A study by MIT professor Carlo Ratti, of MIT’s Department of Urban Studies and Planning, confirms that even in an Internet age, most communications occur within 100 miles of where people live.
The data for the United Kingdom shows that only about 9.5 percent of communications cross a line about 100 miles north of London.
In Italy, only 7.8 percent of communications cross a line roughly along the northern border of the Emilio-Romagna region, above which lie the industrial and commercial metropolises of Milan and Turin.
In the past, when voice was the only form of telecommunications, most calling likewise was local and regional.
An analysis by the Federal Communications Commission, for example, looking at U.S. residential long distance calling from 1995 through 2002, showed a stable calling pattern where about 60 percent of long distance calling was intrastate, while 39 percent was interstate and international, combined.
But the key finding was the calling distance. The distance traveled by a typical call remained short, even long distance calls, and even within a continent-sized country.
Looking at all calls from 1999 to 2002, about half of all calls connect parties within 60 miles of each other and around 17 percent of toll calls are to parties only 10 to 20 miles distant.
About five percent of all residential calls terminated within 10 miles. Some 18 percent terminated more than 10 but less than 20 miles away.
About 13 percent of calls were placed to locations greater than 20 but less than 30 miles distant.
In other words, 36 percent of calls were to locations no more than 30 miles away.
And 61 percent of calls were to locations no more than 100 miles distant. Less than 19 percent of all calls were to locations 1,000 miles or more away.
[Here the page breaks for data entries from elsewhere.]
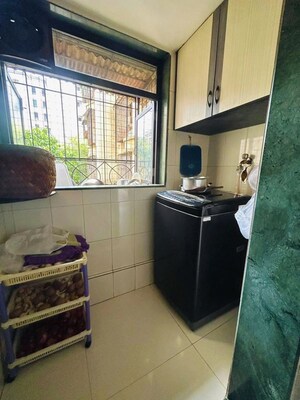 Kitchen in 2 BHK Apartment at Indravati Apartment, Dahisar East – for Sale
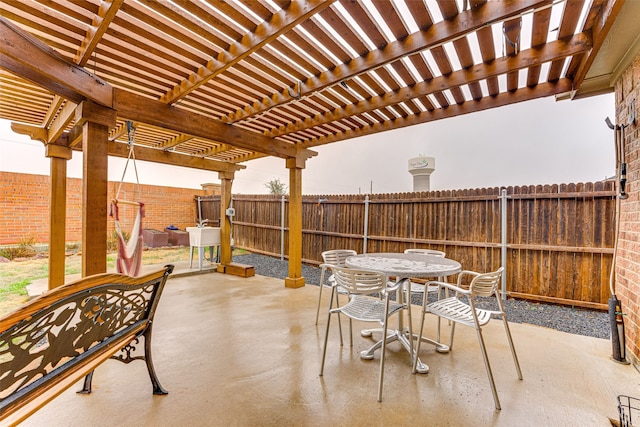 view of patio / terrace featuring a pergola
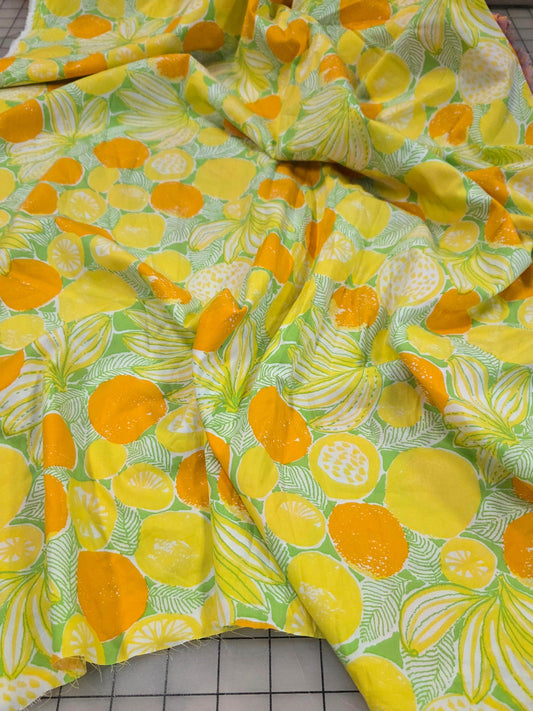 A piece of patterned fabric with a bright yellow and orange citrus fruit print on a light green background, laid out on a gridded cutting mat.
The notion of the "local access and transport area" (LATA) illustrates the concept. When the old AT&T system was broken up in 1984, 163 LATAs were created across the United States, each representing an average of 500,000 people, but in practice ranging from 10,000 to 10 million people.
Most LATAs were contained within a single state, but sometimes a LATA spanned two states. The point is that intra-LATA calling is a proxy for distance. Intra-LATA calls travel the shortest distances.
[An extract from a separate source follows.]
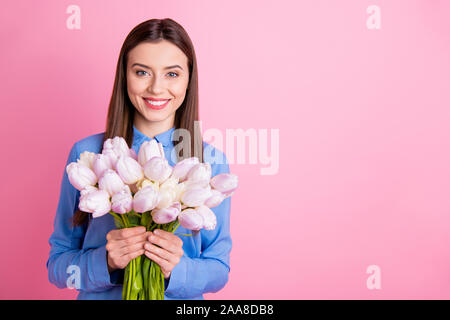 Foto di sorprendente lady azienda grande bianco fresco tulipani mazzetto in mani migliori 8 marzo sempre indossare puntini blu shirt rosa isolato colore di sfondo Foto Stock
Typically, inter-LATA calls within the same state traveled further, while the greatest distances were typical of inter-LATA calls between states (or internationally).
In 2002, for example, about 44 percent of calls were placed intra-LATA and intra-state (within the same local calling area and within the same state).
About 17 percent of calls left one LATA, but were terminated within another LATA within the same state.
About 34 percent of calls were to another state. Only about one percent of calls were placed to international destinations.
Then, as now, most communications take place between people not too far distant, a likely reflection of the fact that most economic, social and other activity takes place locally or regionally.